Question 1 (Paul Curley, Editor of the 529 Dash): How and why did you first get started in helping clients with financial planning?
Answer 1 (David Rosell, President of Rosell Wealth Management and Author of “Keep Climbing: A Millennial’s Guide to Financial Planning”): There are people in one’s life who act as our guides and impact the fortunes of our lives. My Grandma Ruth, my mother’s mother, was one of those. To this day, I continue to pass along the financial principles she instilled in me at an early age. I will never forget the day she changed the way I thought about money. I was 19 years old. Boys at that age have two things on their minds and cars are one of them. With great enthusiasm, I shared with her the brochure of the brand new Honda Prelude I was going to finance. It was black on black with a stick shift. She knew how to communicate with a teenager, so she stated how proud she was that I was able to purchase a new car at my age (even though the bank would actually be buying it for me). “You’ll have the nicest car of all of your friends,” she said, right before she shared with me the chart below and explained what an IRA is, how it benefits investors and how the stock market has performed over the years. She then showed me that if between the ages of 19 and 27 I invested the maximum contribution at the time—$2,000 per year—into an IRA, assuming the account compounded at 10 percent per year I would be a millionaire by age 65 even if I never placed additional contributions into the account. Not only that, but I would have more money than if I started investing $2,000 per year at the age of 27 and did so each and every year until age 65. This is when I truly learned to appreciate what Albert Einstein reportedly considered to be the eighth wonder of the world: the compound interest formula. Grandma taught me the difference between working for money and having money work for me. I never ended up purchasing that car. I started my IRA, a decision that would forever change my life.

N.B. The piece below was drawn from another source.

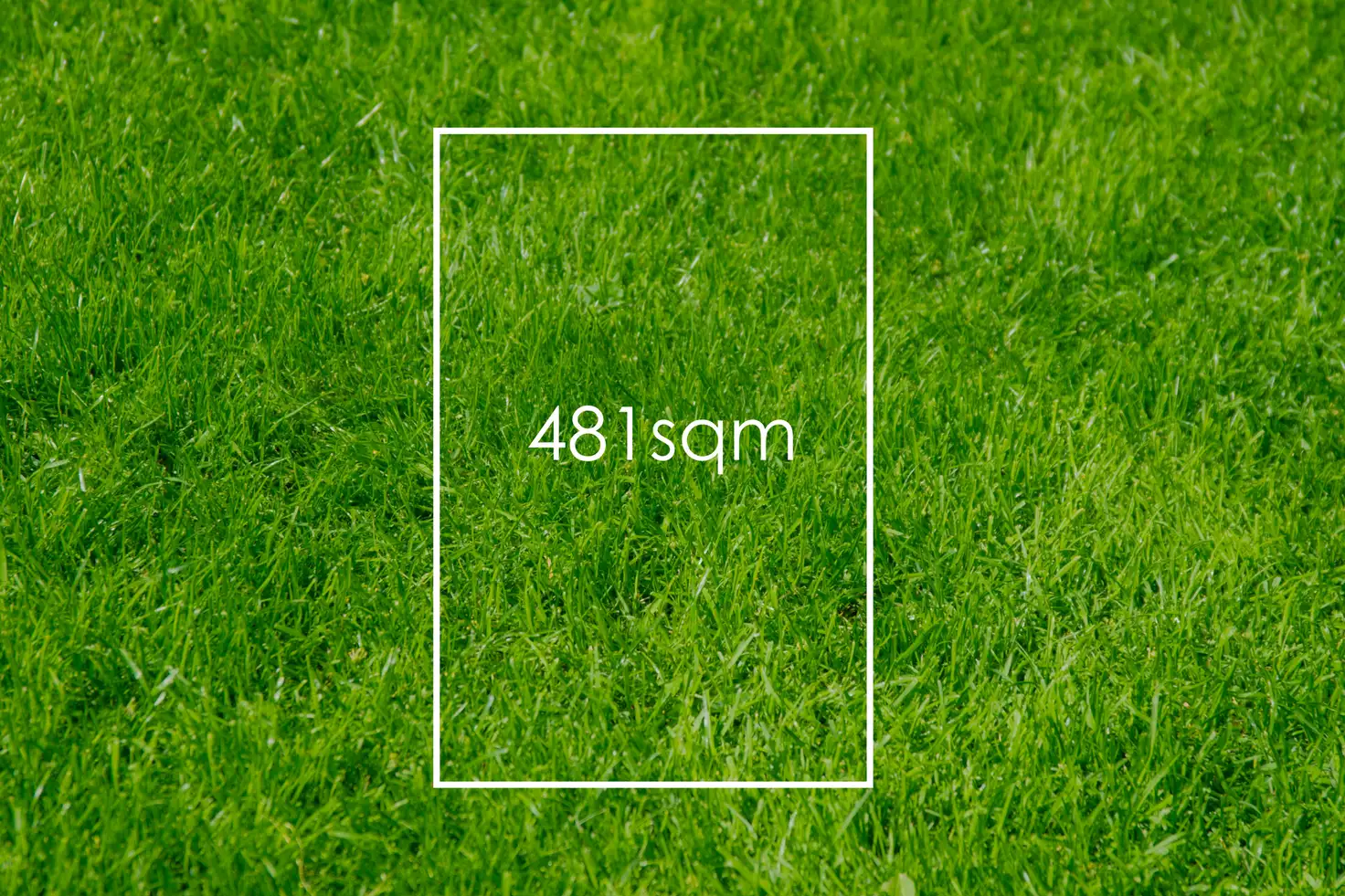 Main view of Homely land listing, 57 Flagstaff Drive, Portarlington VIC 3223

I knew my next calling was to help people discover the lessons I had learned from my grandmother and share the knowledge I had acquired from watching my retirement accounts grow. By then I had figured out that people do not need to do anything extraordinary to build wealth for their retirement years. They just need to do some ordinary things (like saving a portion of every paycheck) extraordinarily well (saving a portion of every paycheck). By the way, I did not purchase my new car until 11 years after my retirement account had been well established and I had a long-term financial game plan in place.
To this day I know that where I am in life has everything to do with the financial acumen I developed early on thanks to two main sources of inspiration—my father and my grandmother. Grandma needed to teach me how to handle money because I had started to make significant profits at a young age and failure was not an option. This paved the way for my driveway business. My world travels provided lessons that would help me years later when I became a financial planner.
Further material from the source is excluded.